:: DATA FOR THE TASK ::

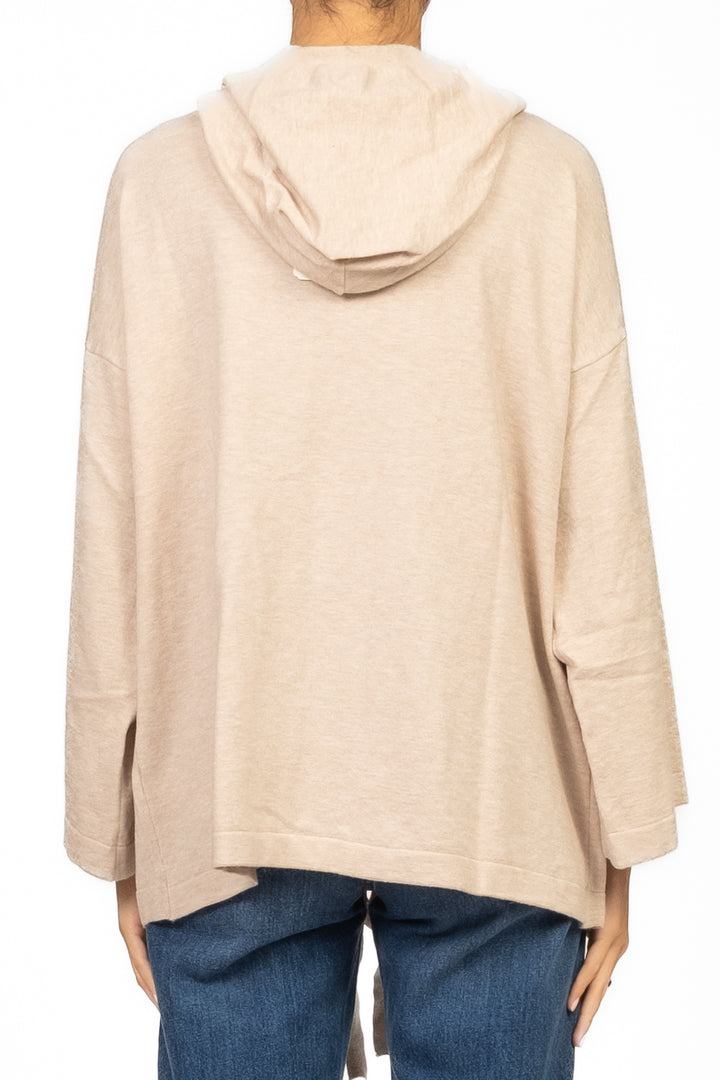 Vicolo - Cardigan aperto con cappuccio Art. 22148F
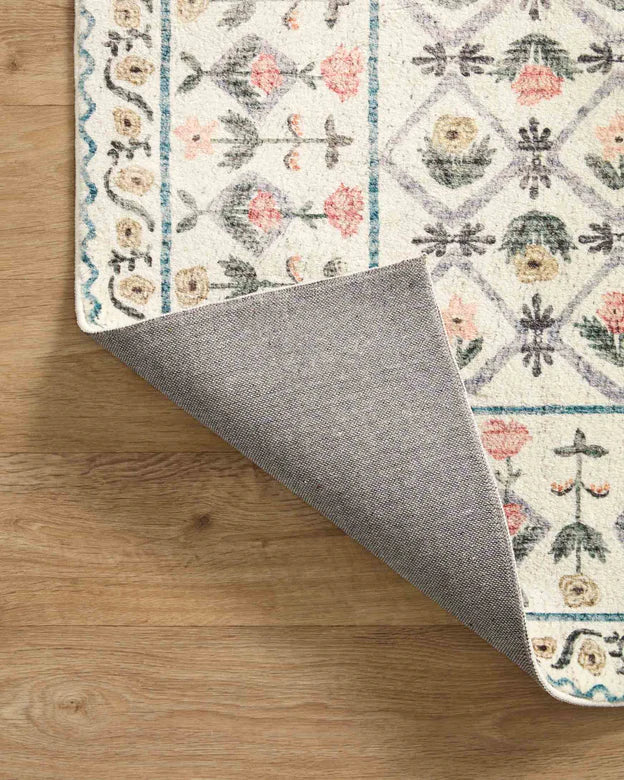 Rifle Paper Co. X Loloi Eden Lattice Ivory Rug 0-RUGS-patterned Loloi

:::
:: DATA FOR THE TASK ::

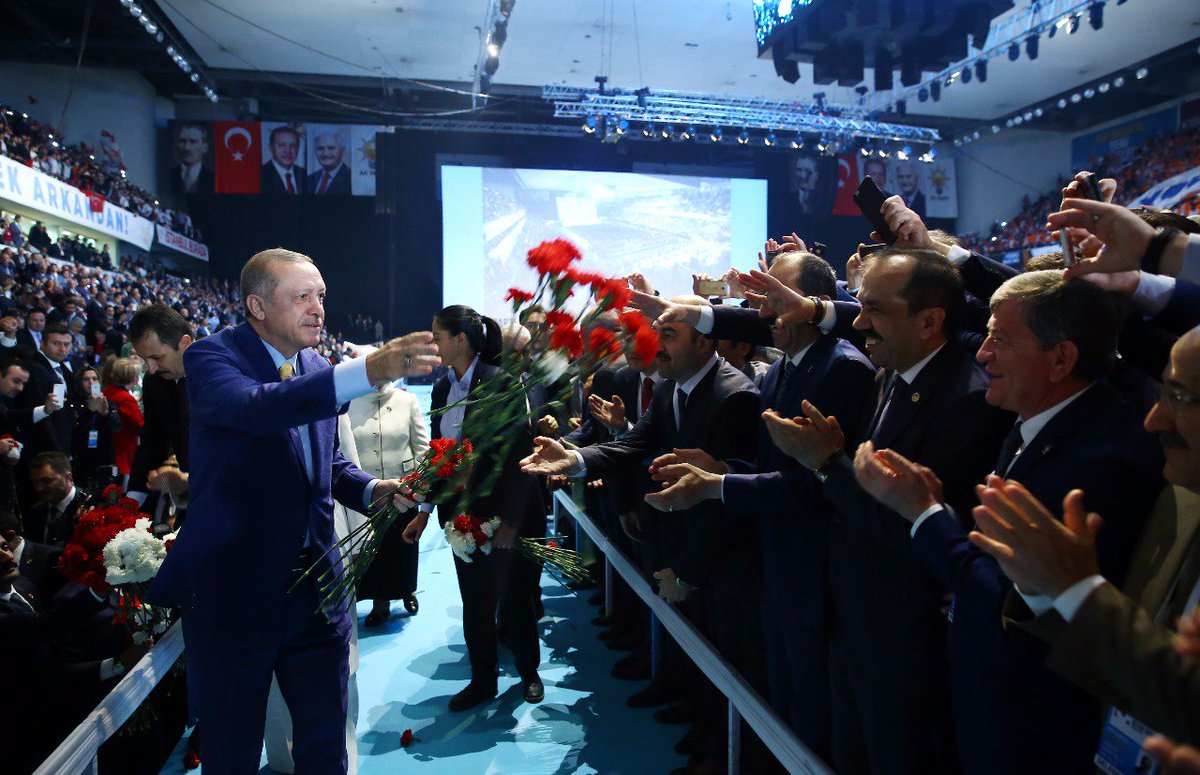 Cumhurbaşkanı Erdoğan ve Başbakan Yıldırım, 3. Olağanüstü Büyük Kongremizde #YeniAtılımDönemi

:::

▶ _TASK ITEM_: Every line above between the one containing "Vicolo - Cardigan" and the one containing "Rifle Paper Co.", those two included, is to be printed exactly. No pictures go into the copy.

▶ _ANSWER AREA_:
 Vicolo - Cardigan aperto con cappuccio Art. 22148F
 Rifle Paper Co. X Loloi Eden Lattice Ivory Rug 0-RUGS-patterned Loloi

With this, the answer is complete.